Source material Block Start

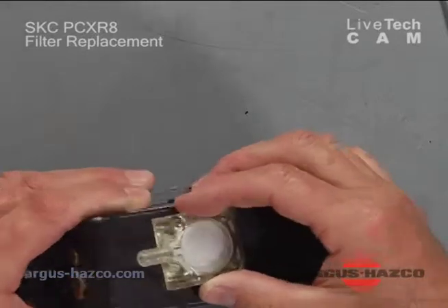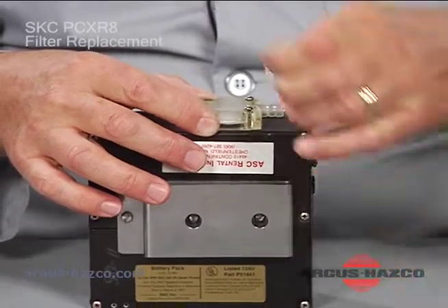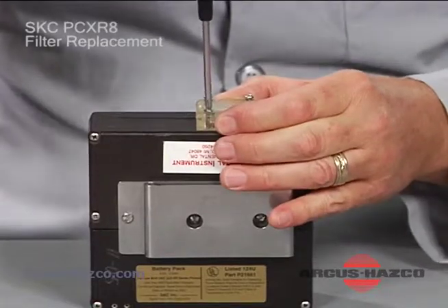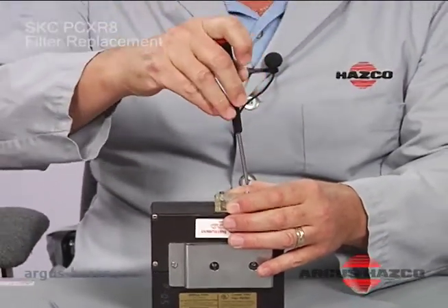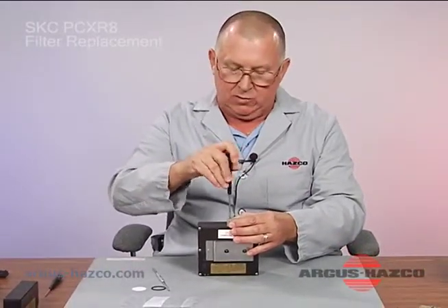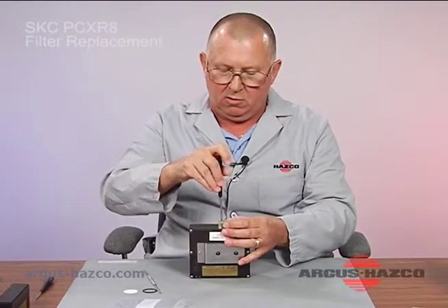You then put the top half of the housing back onto the unit, align the four holes, and reinsert your four screws. Gently but firmly secure the housing without over-tightening or over-torquing — you don't want to crack the housing, as that could cause leaks which will throw off your flow calibration. Go around with each screw and gently snug all four down evenly.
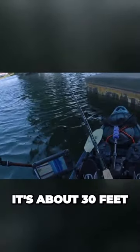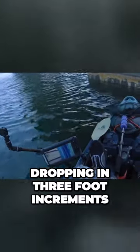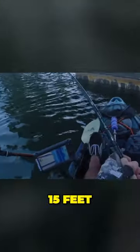As you can see on the fish finder on the left, it's about 30 feet of water. We're working the water column — I'm starting at about three feet and dropping in three-foot increments. I caught this one at around 12 to 15 feet.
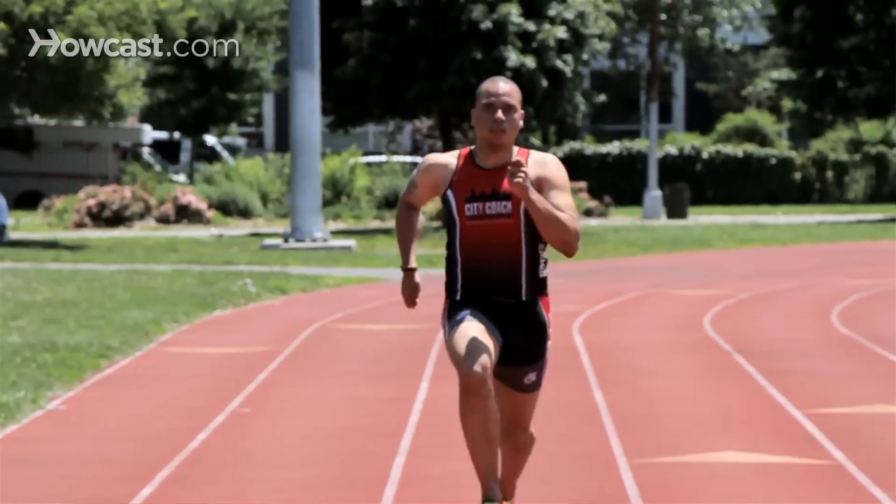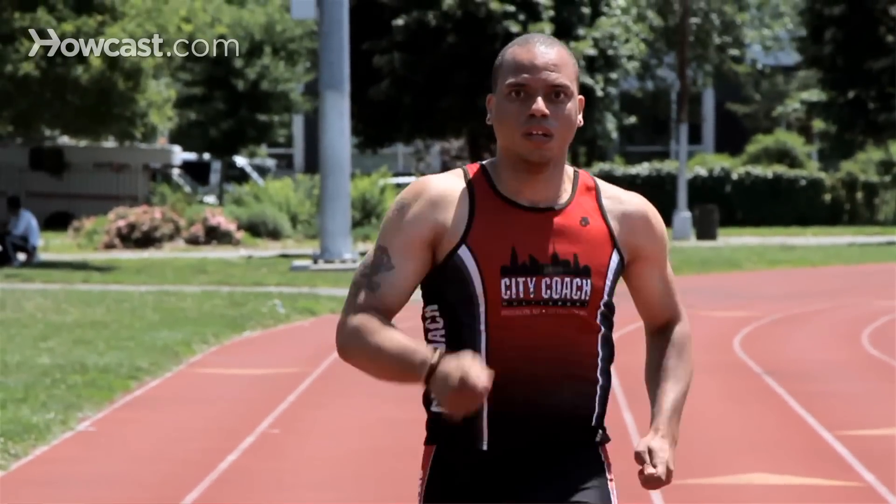Hi, my name is Shane Paul O'Neill from CityCoach Multisport, and today I'll be talking about how to train for a 100 meter dash. The 100 meter dash is considered the heavyweight championship of track and field, with the Olympic champions and world champions considered the fastest human beings on the planet.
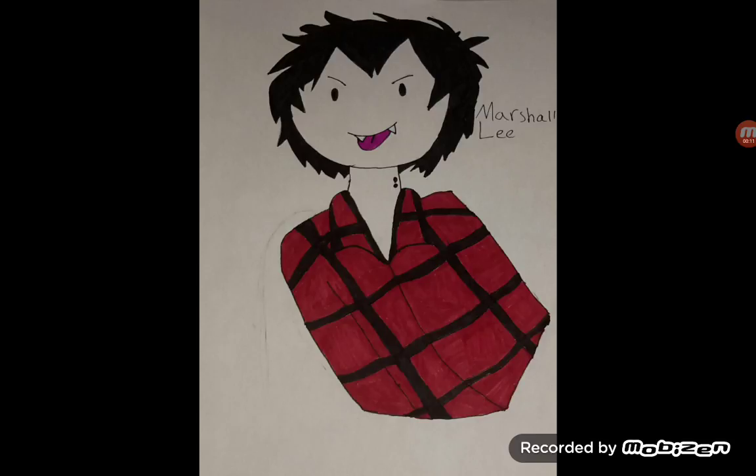Now, all these characters are from Adventure Time, but they are mainly just two characters, and their gender is switched around.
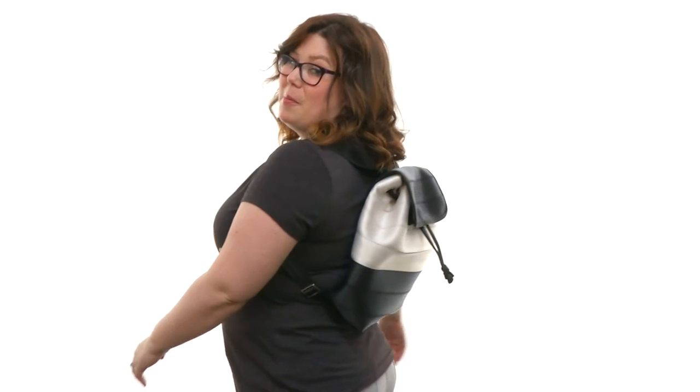Who knew a mini backpack could be this amazing? I didn't, and it is! It's from Harvey Seatbelt Bags.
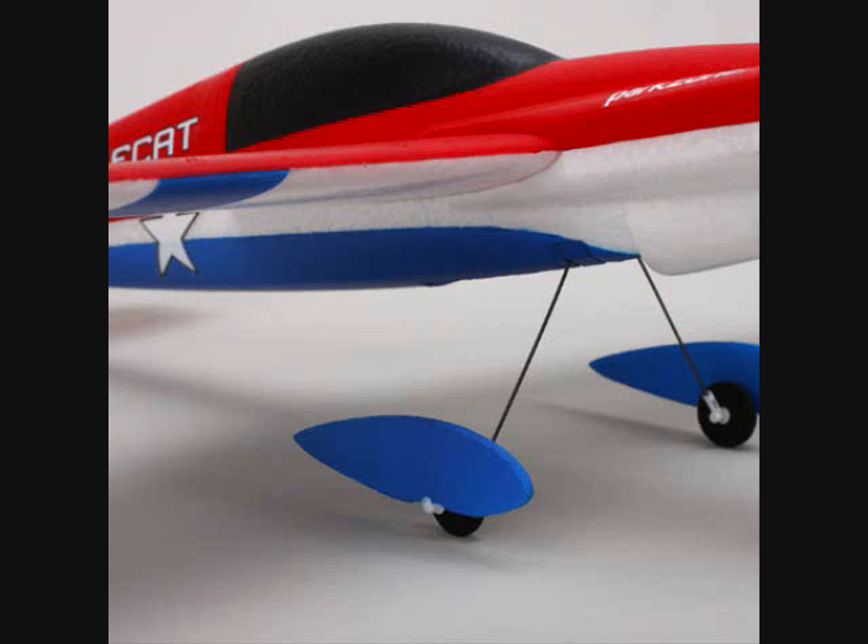It has tailwheel steering and an attractive paint scheme — very attractive. Race number decal sheets. There's a little typo there. There's a one-cell 150mAh LiPo battery and DC charger.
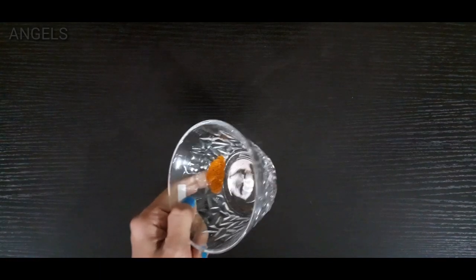Hi friends, welcome to the beauty tips. I am going to show you a beauty tip using two ingredients.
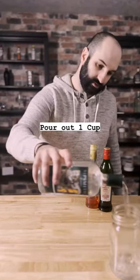We're going to start by pouring out two cups or about 500 milliliters from a 750 milliliter bottle of gin. I poured mine into a sealable mason jar so I can put a lid on it and save it for other cocktails.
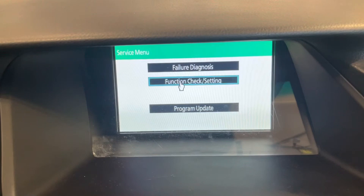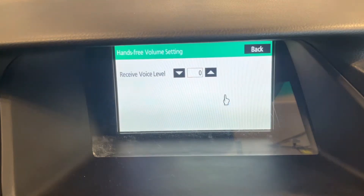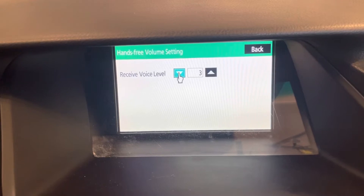Next we will enter the function check and setting menu. To adjust the Bluetooth hands-free volume setting, you can go in here and do a volume shift. If you find that the volume is not high enough, you can turn it up in this menu, and you can also turn it down, and then once you are satisfied with the result.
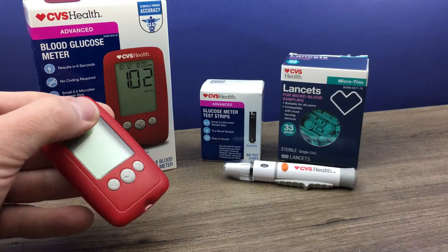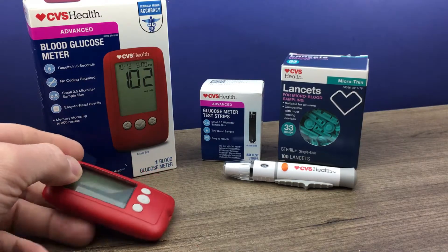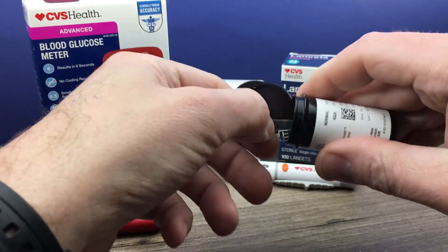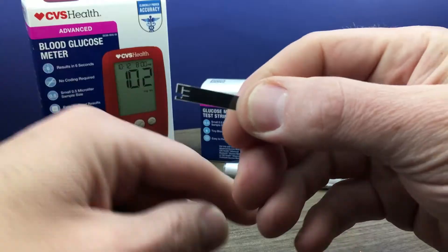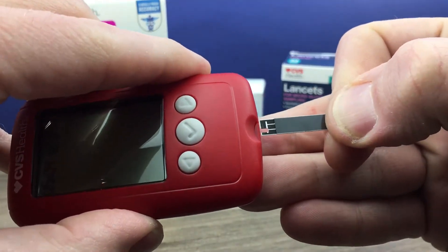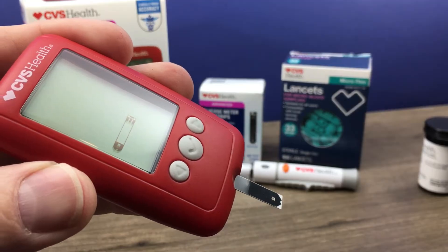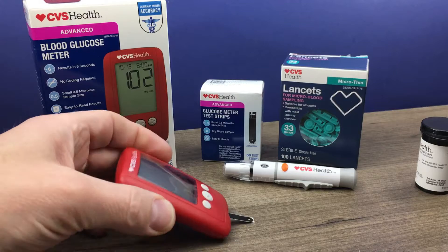First of all, you just need to load a test strip into the glucose meter. Always keep your test strip bottle closed when not in use. Retrieve a test strip and then close that lid tightly. That little end is the end that goes in the meter, so you just put that right in there. That will power on the meter, and the flashing drop of blood indicates it is ready for you to apply blood to the end of the test strip.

Source material Block End

- [Instructions to follow] Without any pictures, reproduce exactly the lines from the line that contains "Who knew a mini" to the end of the entries above, both ends included.

- [Finished task]
Who knew a mini backpack could be this amazing? I didn't, and it is! It's from Harvey Seatbelt Bags.
It has tailwheel steering and an attractive paint scheme — very attractive. Race number decal sheets. There's a little typo there. There's a one-cell 150mAh LiPo battery and DC charger.
Hi friends, welcome to the beauty tips. I am going to show you a beauty tip using two ingredients.
We're going to start by pouring out two cups or about 500 milliliters from a 750 milliliter bottle of gin. I poured mine into a sealable mason jar so I can put a lid on it and save it for other cocktails.
Next we will enter the function check and setting menu. To adjust the Bluetooth hands-free volume setting, you can go in here and do a volume shift. If you find that the volume is not high enough, you can turn it up in this menu, and you can also turn it down, and then once you are satisfied with the result.
First of all, you just need to load a test strip into the glucose meter. Always keep your test strip bottle closed when not in use. Retrieve a test strip and then close that lid tightly. That little end is the end that goes in the meter, so you just put that right in there. That will power on the meter, and the flashing drop of blood indicates it is ready for you to apply blood to the end of the test strip.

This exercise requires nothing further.